▶ [PROBLEM TO SOLVE]:
Below is some data. Retype exactly the lines starting at the one with "早河マンションの物件外観写真" and ending at the one with "2023 GMC Yukon XL 4WD AT4".

[EXTRACTED INFORMATION Boundary: Start]

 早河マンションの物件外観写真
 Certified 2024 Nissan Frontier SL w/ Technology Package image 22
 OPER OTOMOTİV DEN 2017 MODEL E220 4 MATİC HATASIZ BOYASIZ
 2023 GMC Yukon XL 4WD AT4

[EXTRACTED INFORMATION Boundary: End]
[EXTRACTED INFORMATION Boundary: Start]

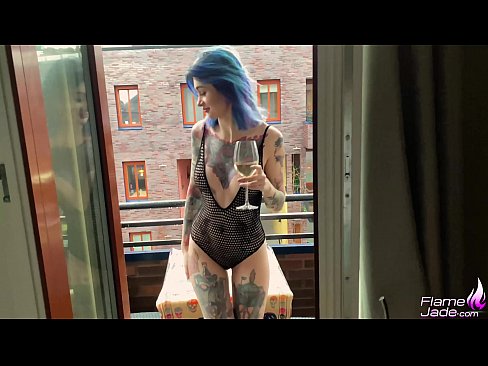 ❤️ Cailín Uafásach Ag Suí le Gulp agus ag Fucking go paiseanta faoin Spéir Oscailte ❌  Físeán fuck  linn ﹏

[EXTRACTED INFORMATION Boundary: End]

▶ [EXERCISE RESPONSE]:
 早河マンションの物件外観写真
 Certified 2024 Nissan Frontier SL w/ Technology Package image 22
 OPER OTOMOTİV DEN 2017 MODEL E220 4 MATİC HATASIZ BOYASIZ
 2023 GMC Yukon XL 4WD AT4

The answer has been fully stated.